# Neben Vista dazu Linux



## onliner (18. September 2007)

Servus,

hat wer schon erfahrungen neben Vista auch Linux zum laufen gebracht?

Hab mal mit meinem Kollegen geplaudert und der meinte es kann bös ins Aug gehen das die Vista-Part dadurch evtl. zerschiest. Ich werd natürlich erst mal ne Sicherung machen .

Gruß
onliner


----------



## Marbus16 (18. September 2007)

Wenn du eh ne Sicherung machst, dann nichts wie ran 

Da du Linux nach Windows installierst, wirst du Vista bzw. den Windows-Loader mit dem Linux-Bootloader laden müssen. Gibt aber kein Problem, nur wenn du ein OS wieder runterhaben willst, kannst du idR dalle OSe auf der HDD vergessen.


----------



## Falk (18. September 2007)

Man bekommt über die Vista-DVD und die Wiederherstellungskonsole den MBR wieder in den richtigen Zustand, sodass man auch ohne Probleme Linux wieder los wird.


----------



## Kovsk (18. September 2007)

PCGH_Falk schrieb:


> Man bekommt über die Vista-DVD und die Wiederherstellungskonsole den MBR wieder in den richtigen Zustand, sodass man auch ohne Probleme Linux wieder los wird.


[joke]Aber wozu denn, Linux ist genial [/joke]


----------



## d00mfreak (19. September 2007)

Würd aber n bissl aufpassen, da net jede Distri BCD unterstützt.
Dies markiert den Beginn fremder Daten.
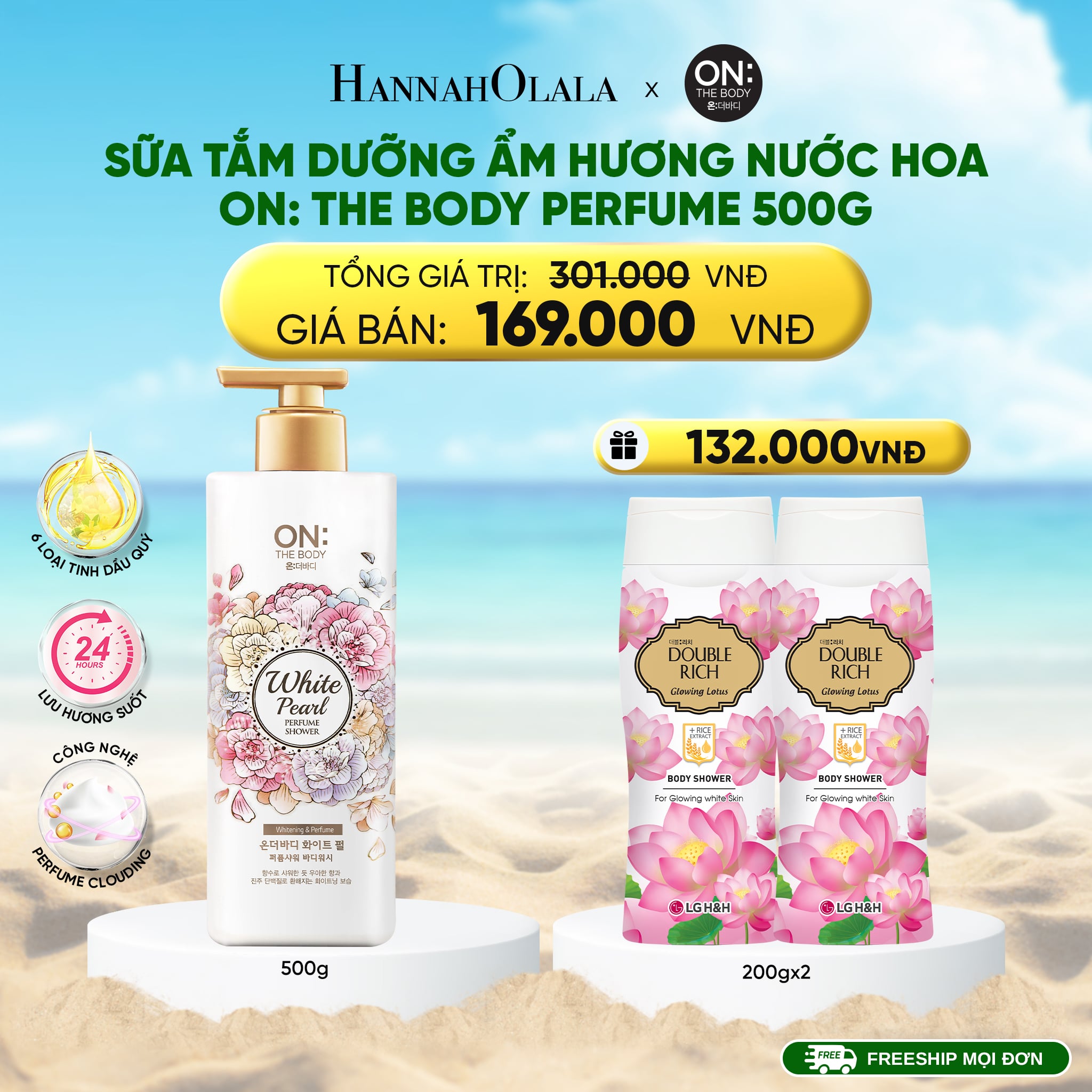 Combo Sữa Tắm Dưỡng Ẩm The Body Perfume 500g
Ubuntu schon, SuSE 10.2 (Die Downlaodversion) nicht.


----------



## onliner (19. September 2007)

d00mfreak schrieb:


> Würd aber n bissl aufpassen, da net jede Distri BCD unterstützt. Ubuntu schon, SuSE 10.2 (Die Downlaodversion) nicht.
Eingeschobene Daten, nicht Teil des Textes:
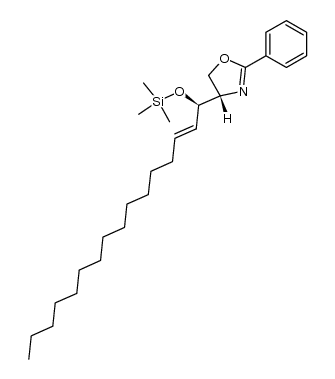 Oxazole, 4,5-dihydro-2-phenyl-4-[(1R,2E)-1-[(trimethylsilyl)oxy]-2-hexadecen-1-yl]-, (4S)- 结构式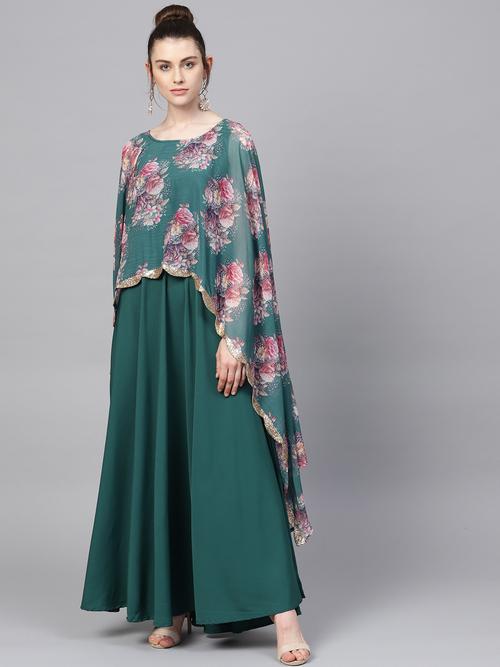 turquoise crepe kurta - 17819589 - Very Small Image - 1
 aha Ubuntu o. Debian wären jetzt aus meiner Sicht eh Ideal !
Mit Suse würden mir eh einige Standardapplikationen fehlen.

Ich muss mal schauen bei m einem Kollegen der Debian hat und mir ne Kopie anfertigen Lassen . 

Dank für Info!


----------



## midnight (5. Oktober 2008)

Wenn du schon Vista hast und z.B. Ubuntu nachinstallierst, dann ist das kein Problem.
Bei XP ist das viel lustiger, das macht gnadenlos Bootsektoen zu nichte...
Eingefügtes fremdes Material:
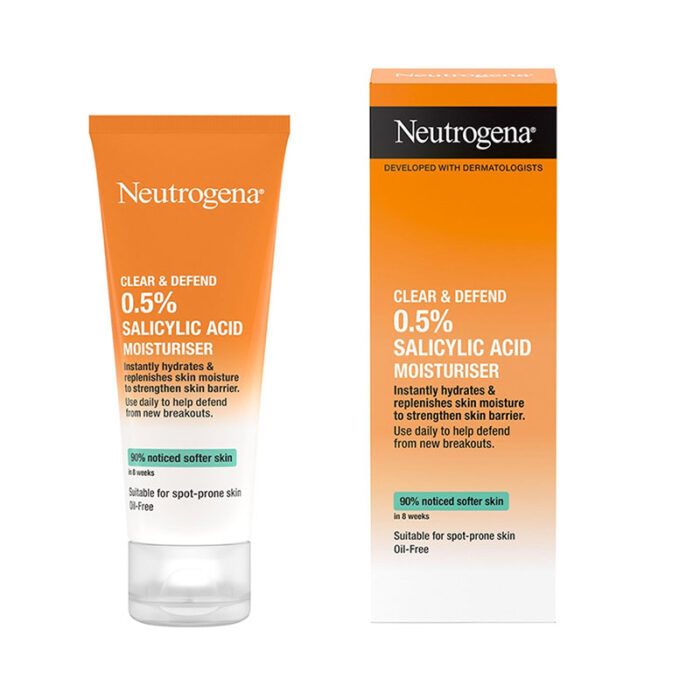 Neutrogena Clear Defend Moisturiser Salicylic Acid Oil Free Acne Prone Skin Hydration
Mitlerweile bin ich auch Ubuntu-Fanboy. Es ist einfach, schnell und... naja.. einfach halt (=

Für den fetischisten eignet sich gentoo 
Achja und Suse würde ich NIEMALS verwenden. Suse ist das Windows unter den Linuxen...

So far


----------



## riedochs (6. Oktober 2008)

Wenn du Debian nehmen willst solltest du es mit Testing (Lenny) versuchen. Etch ist doch schon etwas angestaubt.


----------



## Bauer87 (6. Oktober 2008)

Zumal Debian "Beta" so stabil ist, wie jede andere Distribution erst lange nach ihrem Release. Ein System, das zuverlässiger Arbeitet als ein Debian nach Release habe ich noch nie gesehen. Naja, kommerziell gewartete Distributionen oder UNIXes in sicherheitsrelevanten Bereichen habe ich noch nicht betrachten dürfen, aber Debian ist schon heftig. Vor allem, da es ja (fast) überall ohne große Umstände läuft.
Für Einsteiger würde ich trotzdem Ubuntu empfehlen, das ist zwar unsicherer und ist mir sogar mal abgestürzt, aber dafür ist die Vorkonfiguration für Durchschnittsnutzer besser. Außerdem ist es weiter verbreitet und daher findet man leichter Hilfe, die man direkt anwenden kann. Es gibt ja doch einige kleinere und größere Unterschiede zwischen den Distributionen.


----------



## k-b (7. Oktober 2008)

Oh die Debianfraktion hat zugeschlagen 

Ja stimmt schon, ist nicht schlecht. Evtl. auch ein Derivat - wie z.b. Ubuntu. Einsteigerfreundlicher!


----------



## onliner (7. Oktober 2008)

k-b schrieb:


> Oh die Debianfraktion hat zugeschlagen
> 
> Ja stimmt schon, ist nicht schlecht. Evtl. auch ein Derivat - wie z.b. Ubuntu. Einsteigerfreundlicher!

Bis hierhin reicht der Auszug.